Task: Print out each entry below exactly; do not carry over any image.

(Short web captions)
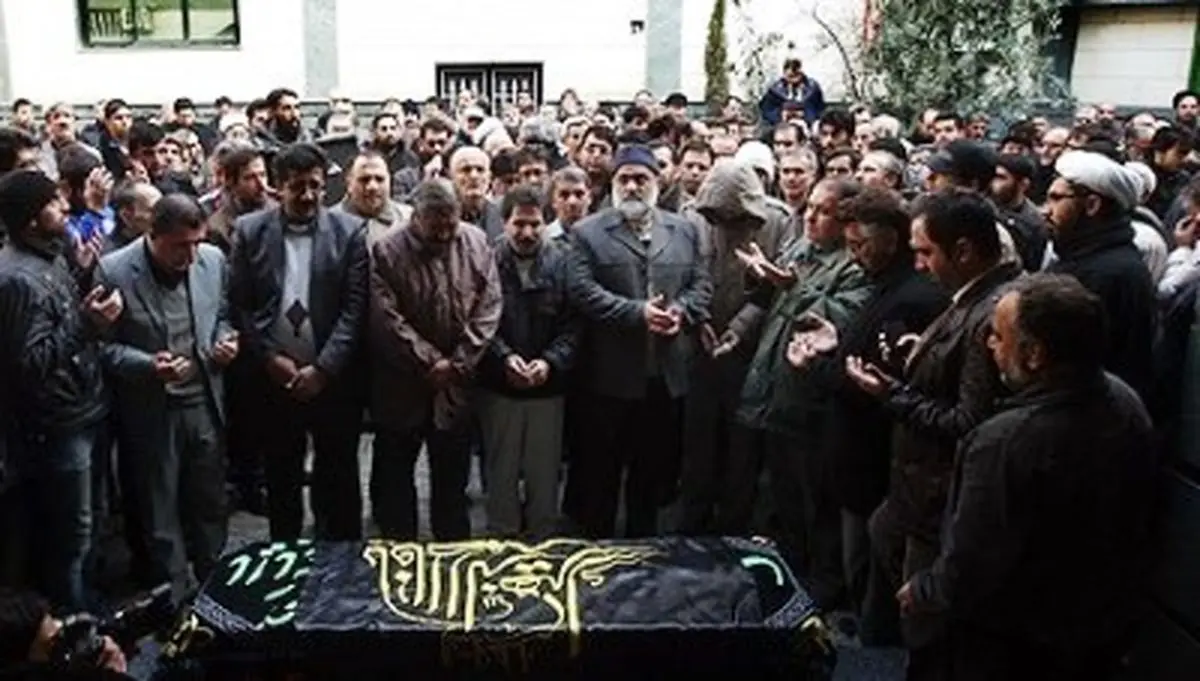 اخبار آرشیوی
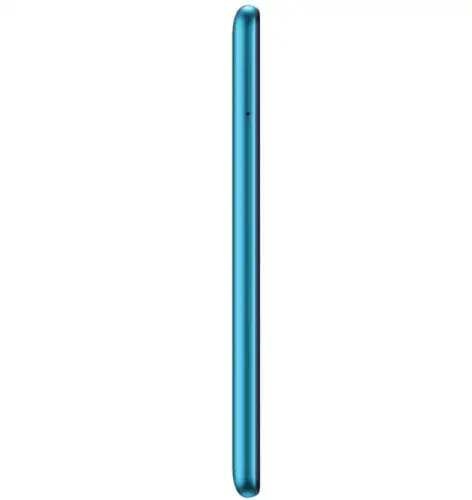 Samsung Galaxy M11 32GB Mavi Cep Telefonu - Distribütör Garantili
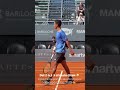 Varillas al Main Draw-Challenger Buenos Aires 2025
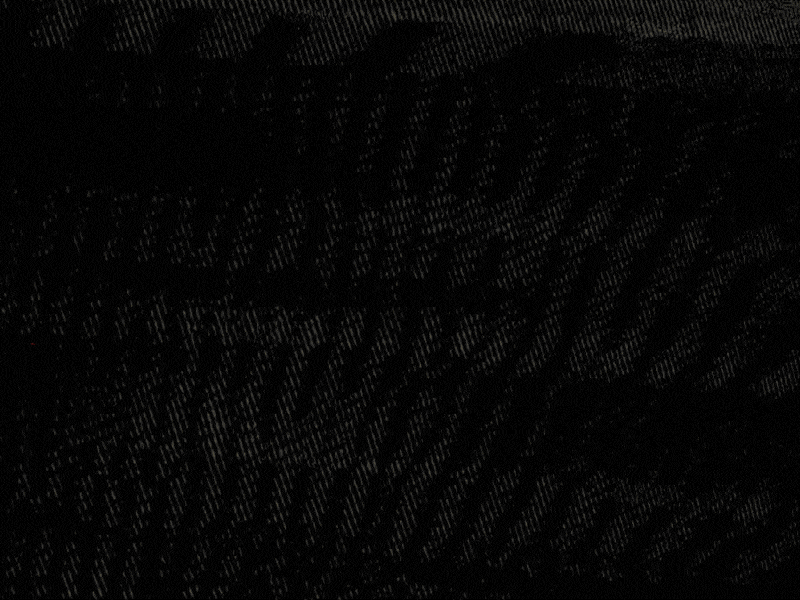 motion-graphic-57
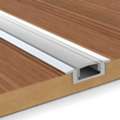 Trusted Led Aluminium Profile Supplier For Premium Lighting Solutions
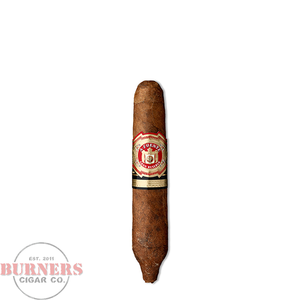 Arturo Fuente Arturo Fuente Hemingway Best Seller single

Answer area:
 اخبار آرشیوی
 Samsung Galaxy M11 32GB Mavi Cep Telefonu - Distribütör Garantili
 Varillas al Main Draw-Challenger Buenos Aires 2025
 motion-graphic-57
 Trusted Led Aluminium Profile Supplier For Premium Lighting Solutions
 Arturo Fuente Arturo Fuente Hemingway Best Seller single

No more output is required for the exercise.